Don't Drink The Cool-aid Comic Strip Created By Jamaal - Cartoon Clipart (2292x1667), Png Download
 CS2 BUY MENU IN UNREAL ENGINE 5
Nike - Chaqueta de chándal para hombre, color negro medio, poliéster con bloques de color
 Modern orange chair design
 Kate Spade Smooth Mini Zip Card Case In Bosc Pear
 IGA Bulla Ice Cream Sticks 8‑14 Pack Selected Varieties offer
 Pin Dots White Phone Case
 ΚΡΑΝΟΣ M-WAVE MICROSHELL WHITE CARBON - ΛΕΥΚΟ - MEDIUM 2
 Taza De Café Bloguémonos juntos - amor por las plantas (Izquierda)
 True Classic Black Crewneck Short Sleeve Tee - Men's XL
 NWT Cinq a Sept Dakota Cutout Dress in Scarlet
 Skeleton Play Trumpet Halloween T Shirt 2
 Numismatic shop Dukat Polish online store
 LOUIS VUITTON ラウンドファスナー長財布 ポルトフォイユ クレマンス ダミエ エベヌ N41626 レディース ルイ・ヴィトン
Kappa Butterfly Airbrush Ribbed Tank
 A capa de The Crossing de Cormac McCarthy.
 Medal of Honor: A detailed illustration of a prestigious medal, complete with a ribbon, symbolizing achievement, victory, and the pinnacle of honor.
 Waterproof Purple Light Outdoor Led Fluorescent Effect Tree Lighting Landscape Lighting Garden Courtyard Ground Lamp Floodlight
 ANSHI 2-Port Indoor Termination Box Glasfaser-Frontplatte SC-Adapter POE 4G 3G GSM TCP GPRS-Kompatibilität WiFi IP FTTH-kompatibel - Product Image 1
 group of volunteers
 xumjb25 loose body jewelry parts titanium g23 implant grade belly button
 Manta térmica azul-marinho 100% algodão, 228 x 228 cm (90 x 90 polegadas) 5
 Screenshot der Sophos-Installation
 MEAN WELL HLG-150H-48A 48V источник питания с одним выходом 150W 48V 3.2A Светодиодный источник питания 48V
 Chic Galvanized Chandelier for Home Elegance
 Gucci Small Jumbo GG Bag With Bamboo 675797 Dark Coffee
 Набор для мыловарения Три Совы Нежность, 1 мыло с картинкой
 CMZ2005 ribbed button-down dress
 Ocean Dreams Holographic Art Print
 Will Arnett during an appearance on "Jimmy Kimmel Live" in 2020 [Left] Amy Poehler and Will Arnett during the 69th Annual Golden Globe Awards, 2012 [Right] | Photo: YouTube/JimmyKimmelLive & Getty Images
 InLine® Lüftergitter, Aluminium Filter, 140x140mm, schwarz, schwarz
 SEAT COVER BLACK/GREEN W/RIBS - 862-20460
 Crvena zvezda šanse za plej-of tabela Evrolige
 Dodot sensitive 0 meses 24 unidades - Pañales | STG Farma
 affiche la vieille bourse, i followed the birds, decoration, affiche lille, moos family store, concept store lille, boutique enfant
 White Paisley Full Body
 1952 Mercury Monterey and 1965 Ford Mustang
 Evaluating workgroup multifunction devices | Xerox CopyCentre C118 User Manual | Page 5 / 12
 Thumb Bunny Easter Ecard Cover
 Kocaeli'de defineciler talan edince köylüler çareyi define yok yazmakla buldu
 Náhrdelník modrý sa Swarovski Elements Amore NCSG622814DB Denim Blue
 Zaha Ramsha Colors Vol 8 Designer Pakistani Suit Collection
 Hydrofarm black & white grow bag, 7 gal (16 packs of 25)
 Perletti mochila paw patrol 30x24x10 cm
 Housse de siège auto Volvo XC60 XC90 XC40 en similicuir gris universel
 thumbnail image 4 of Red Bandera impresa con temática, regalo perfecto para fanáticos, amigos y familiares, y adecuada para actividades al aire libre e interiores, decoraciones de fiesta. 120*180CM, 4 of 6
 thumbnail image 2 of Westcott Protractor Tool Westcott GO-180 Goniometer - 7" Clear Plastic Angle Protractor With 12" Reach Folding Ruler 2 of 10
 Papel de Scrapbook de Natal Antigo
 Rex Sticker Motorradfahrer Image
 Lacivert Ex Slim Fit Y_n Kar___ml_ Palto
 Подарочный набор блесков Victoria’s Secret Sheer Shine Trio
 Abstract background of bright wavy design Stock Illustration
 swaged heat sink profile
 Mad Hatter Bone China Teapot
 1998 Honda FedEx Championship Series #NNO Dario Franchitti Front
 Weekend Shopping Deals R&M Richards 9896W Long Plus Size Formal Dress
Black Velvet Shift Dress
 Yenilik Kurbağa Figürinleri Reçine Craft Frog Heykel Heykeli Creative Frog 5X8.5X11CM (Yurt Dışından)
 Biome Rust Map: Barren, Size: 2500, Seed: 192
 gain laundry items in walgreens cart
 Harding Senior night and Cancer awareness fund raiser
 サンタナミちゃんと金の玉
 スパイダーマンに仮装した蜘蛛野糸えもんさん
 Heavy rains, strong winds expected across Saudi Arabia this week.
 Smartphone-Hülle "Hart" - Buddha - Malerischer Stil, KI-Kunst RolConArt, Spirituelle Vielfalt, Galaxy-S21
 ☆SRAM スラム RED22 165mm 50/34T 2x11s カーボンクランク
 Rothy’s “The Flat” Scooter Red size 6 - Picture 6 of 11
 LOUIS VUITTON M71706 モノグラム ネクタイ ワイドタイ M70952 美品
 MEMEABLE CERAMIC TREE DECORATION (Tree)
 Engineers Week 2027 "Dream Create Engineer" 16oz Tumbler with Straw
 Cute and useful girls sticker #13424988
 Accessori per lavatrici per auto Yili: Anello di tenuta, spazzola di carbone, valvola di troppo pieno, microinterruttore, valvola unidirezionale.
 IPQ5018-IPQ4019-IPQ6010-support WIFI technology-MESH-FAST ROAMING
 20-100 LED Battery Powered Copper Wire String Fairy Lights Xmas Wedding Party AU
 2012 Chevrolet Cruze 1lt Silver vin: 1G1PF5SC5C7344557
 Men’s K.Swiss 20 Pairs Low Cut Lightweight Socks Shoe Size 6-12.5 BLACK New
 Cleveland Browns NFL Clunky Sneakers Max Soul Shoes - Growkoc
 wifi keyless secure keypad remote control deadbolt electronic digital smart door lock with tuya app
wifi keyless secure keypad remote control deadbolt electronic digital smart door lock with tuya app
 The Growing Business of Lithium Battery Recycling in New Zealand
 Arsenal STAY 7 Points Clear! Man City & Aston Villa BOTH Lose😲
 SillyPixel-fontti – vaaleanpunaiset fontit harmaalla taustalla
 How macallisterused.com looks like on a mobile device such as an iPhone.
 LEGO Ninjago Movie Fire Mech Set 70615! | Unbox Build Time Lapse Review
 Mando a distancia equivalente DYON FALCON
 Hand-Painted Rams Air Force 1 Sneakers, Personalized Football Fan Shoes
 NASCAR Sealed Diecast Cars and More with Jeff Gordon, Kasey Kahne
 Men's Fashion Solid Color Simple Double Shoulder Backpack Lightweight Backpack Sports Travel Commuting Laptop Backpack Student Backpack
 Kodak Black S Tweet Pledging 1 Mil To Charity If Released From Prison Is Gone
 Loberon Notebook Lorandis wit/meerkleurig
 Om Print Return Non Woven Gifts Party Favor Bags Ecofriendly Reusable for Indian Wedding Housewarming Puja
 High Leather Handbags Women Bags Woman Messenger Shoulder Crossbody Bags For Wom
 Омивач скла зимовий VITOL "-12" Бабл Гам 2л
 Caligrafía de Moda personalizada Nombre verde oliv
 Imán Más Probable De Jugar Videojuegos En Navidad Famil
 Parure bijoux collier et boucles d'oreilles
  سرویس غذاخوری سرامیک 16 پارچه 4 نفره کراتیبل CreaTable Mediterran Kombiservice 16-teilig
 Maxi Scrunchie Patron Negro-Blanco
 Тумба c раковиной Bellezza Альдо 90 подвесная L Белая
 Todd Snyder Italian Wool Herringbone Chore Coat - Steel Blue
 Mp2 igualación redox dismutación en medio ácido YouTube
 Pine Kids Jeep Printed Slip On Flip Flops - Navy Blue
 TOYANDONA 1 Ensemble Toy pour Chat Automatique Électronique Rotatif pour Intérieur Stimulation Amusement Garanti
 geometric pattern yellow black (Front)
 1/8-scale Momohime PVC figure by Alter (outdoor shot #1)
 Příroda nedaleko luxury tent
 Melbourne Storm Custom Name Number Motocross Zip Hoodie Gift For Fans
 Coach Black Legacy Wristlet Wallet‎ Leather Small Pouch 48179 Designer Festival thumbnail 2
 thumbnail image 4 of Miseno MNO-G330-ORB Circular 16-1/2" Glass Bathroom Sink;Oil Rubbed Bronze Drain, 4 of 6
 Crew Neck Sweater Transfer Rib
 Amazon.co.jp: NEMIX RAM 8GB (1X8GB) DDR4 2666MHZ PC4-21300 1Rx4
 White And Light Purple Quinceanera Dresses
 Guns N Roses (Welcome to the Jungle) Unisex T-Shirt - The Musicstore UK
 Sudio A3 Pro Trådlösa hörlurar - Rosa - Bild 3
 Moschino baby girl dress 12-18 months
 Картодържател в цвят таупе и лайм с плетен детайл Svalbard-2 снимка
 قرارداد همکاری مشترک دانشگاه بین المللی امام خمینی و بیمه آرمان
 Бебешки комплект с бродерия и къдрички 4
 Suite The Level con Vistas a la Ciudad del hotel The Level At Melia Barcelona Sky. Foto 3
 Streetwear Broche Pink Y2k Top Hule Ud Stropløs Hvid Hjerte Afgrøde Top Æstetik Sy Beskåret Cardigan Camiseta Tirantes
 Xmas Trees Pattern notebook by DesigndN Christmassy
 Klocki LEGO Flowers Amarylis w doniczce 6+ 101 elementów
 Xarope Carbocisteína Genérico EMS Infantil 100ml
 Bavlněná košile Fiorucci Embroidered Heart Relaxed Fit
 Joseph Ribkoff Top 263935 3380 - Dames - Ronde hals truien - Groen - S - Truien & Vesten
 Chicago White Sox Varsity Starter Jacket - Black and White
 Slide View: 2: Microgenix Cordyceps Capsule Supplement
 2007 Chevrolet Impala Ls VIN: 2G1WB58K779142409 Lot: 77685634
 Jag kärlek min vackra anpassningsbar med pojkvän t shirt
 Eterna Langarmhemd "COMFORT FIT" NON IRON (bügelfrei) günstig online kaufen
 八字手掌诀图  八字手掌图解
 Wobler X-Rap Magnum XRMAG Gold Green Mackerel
§
> **Work order**
Please give back exactly the lines of this listing beginning at the line with "Engineers Week 2027" and ending with the line with "NASCAR Sealed Diecast", both included, and nothing else.

> **Result for this exercise**
 Engineers Week 2027 "Dream Create Engineer" 16oz Tumbler with Straw
 Cute and useful girls sticker #13424988
 Accessori per lavatrici per auto Yili: Anello di tenuta, spazzola di carbone, valvola di troppo pieno, microinterruttore, valvola unidirezionale.
 IPQ5018-IPQ4019-IPQ6010-support WIFI technology-MESH-FAST ROAMING
 20-100 LED Battery Powered Copper Wire String Fairy Lights Xmas Wedding Party AU
 2012 Chevrolet Cruze 1lt Silver vin: 1G1PF5SC5C7344557
 Men’s K.Swiss 20 Pairs Low Cut Lightweight Socks Shoe Size 6-12.5 BLACK New
 Cleveland Browns NFL Clunky Sneakers Max Soul Shoes - Growkoc
 wifi keyless secure keypad remote control deadbolt electronic digital smart door lock with tuya app
wifi keyless secure keypad remote control deadbolt electronic digital smart door lock with tuya app
 The Growing Business of Lithium Battery Recycling in New Zealand
 Arsenal STAY 7 Points Clear! Man City & Aston Villa BOTH Lose😲
 SillyPixel-fontti – vaaleanpunaiset fontit harmaalla taustalla
 How macallisterused.com looks like on a mobile device such as an iPhone.
 LEGO Ninjago Movie Fire Mech Set 70615! | Unbox Build Time Lapse Review
 Mando a distancia equivalente DYON FALCON
 Hand-Painted Rams Air Force 1 Sneakers, Personalized Football Fan Shoes
 NASCAR Sealed Diecast Cars and More with Jeff Gordon, Kasey Kahne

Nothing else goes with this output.